Monday, April 6, 2015

An intervention to break up sitting time among schoolchildren was not effective

Too much and prolonged sitting may be a risk factors for cardiometabolic health. The UP4FUN intervention is a family-involved school-based intervention aiming at reducing and breaking up sitting time at home (with special emphasis on screen time), and breaking up sitting time in school among 10–12 year olds in different countries across Europe. In a paper just published in the journal Plos One -with Dr. Froydis Vik as first author- we report on the intervention's short term effects.

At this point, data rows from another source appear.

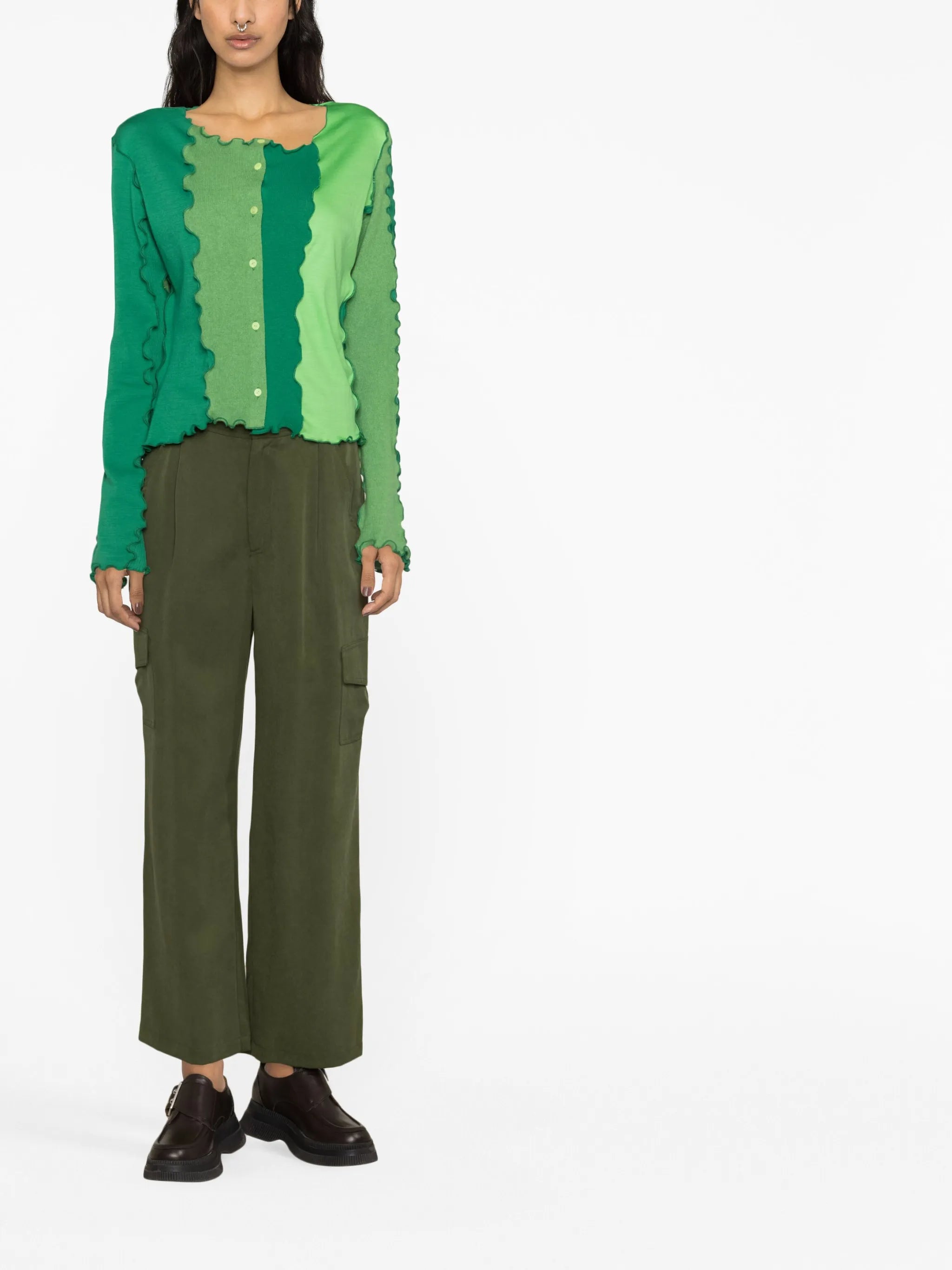 lettuce-trim panelled cardigan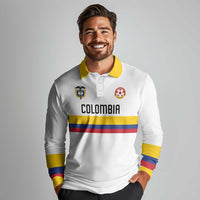 Custom Football 2024 Colombia 100th Anniversary Long Sleeve Polo Shirt Limited Edition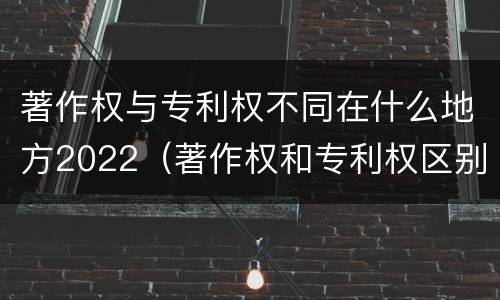 著作权与专利权不同在什么地方2022（著作权和专利权区别）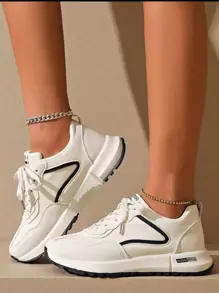 scarpe sportives casual e confortevoli da donna con punta tonda e lacci - Blu - Visualizzare 6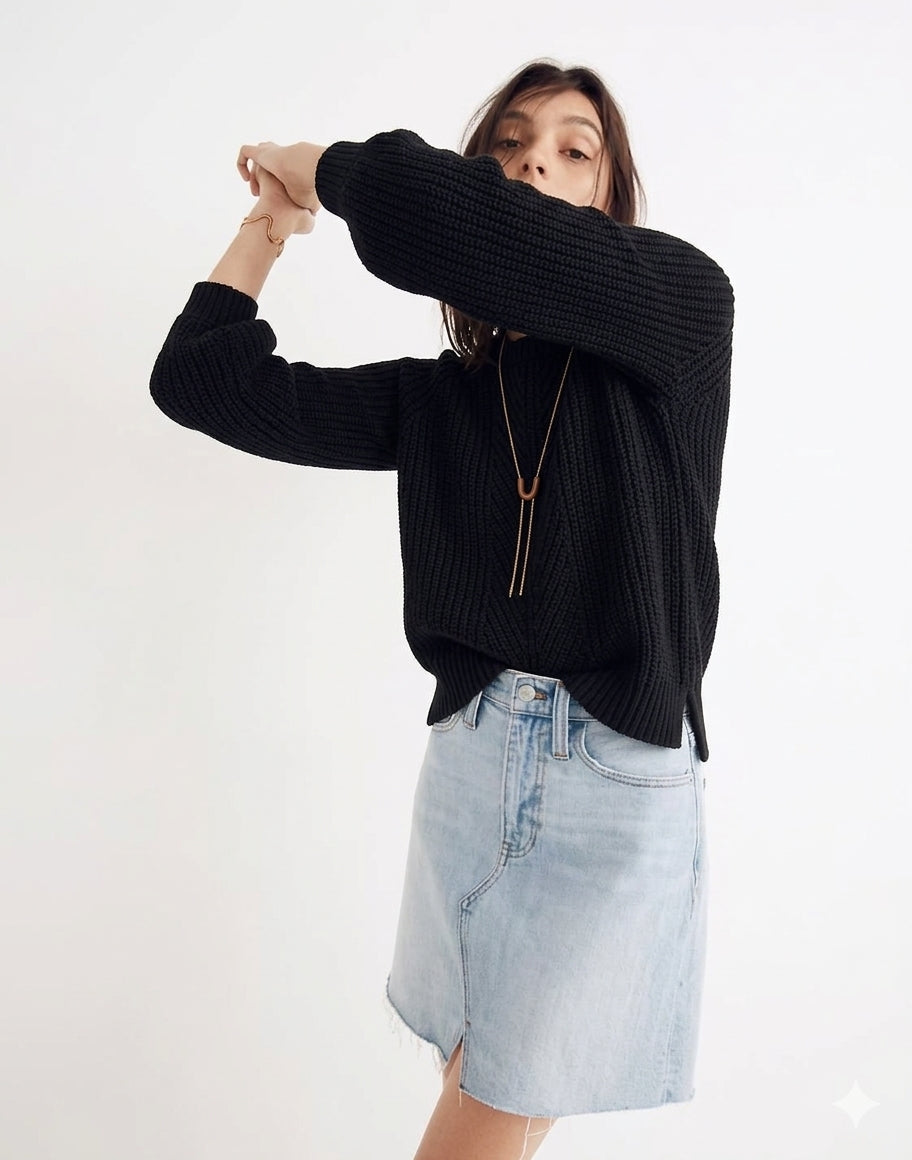 Madewell Balloon-Sleeve Pullover Sweater in True Black - Small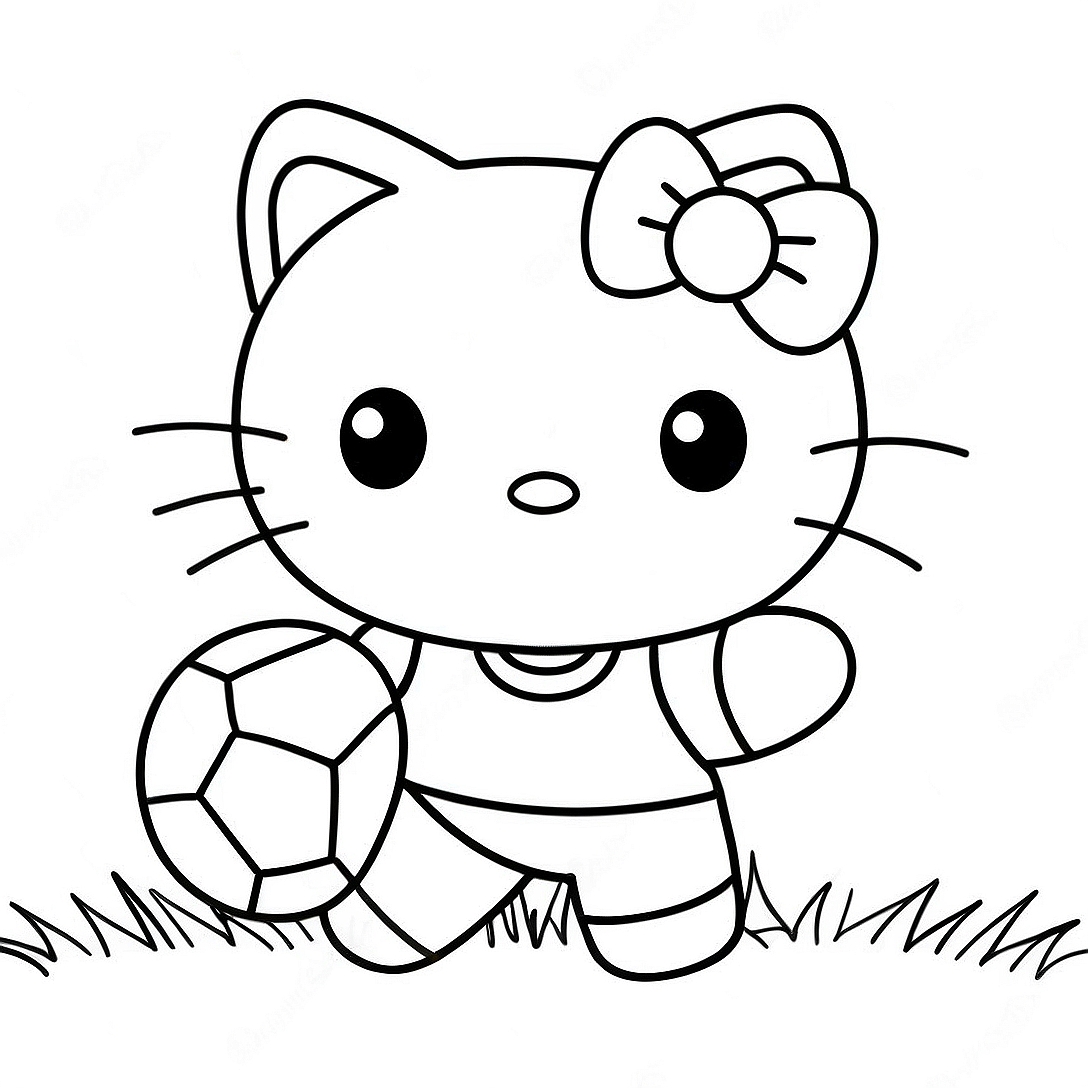 Hello Kitty Soccer Coloring Page | Hello Kitty Soccer coloring page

A total of 3147 pupils from Belgium, Germany, Greece, Hungary and Norway participated in a school-randomized controlled trial. The intervention included 1–2 school lessons per week for a period of six weeks, along with assignments for the children and their parents. Screen time and breaking up sitting time were registered by self-report and total sedentary time and breaking up sitting time by accelerometry. The effect of the intervention on these behaviors was analysed by multilevel regression analyses. All analyses were adjusted for baseline values and gender. No significant intervention effects were observed, neither for self-reported TV/DVD or computer/game console time, nor for accelerometer-assessed total sedentary time and number of breaks in sitting time. The intervention group did report more positive attitudes towards and preferences/liking for breaking up sitting time than the control group.
Overall, these results do not warrant wider dissemination of the present UP4FUN intervention.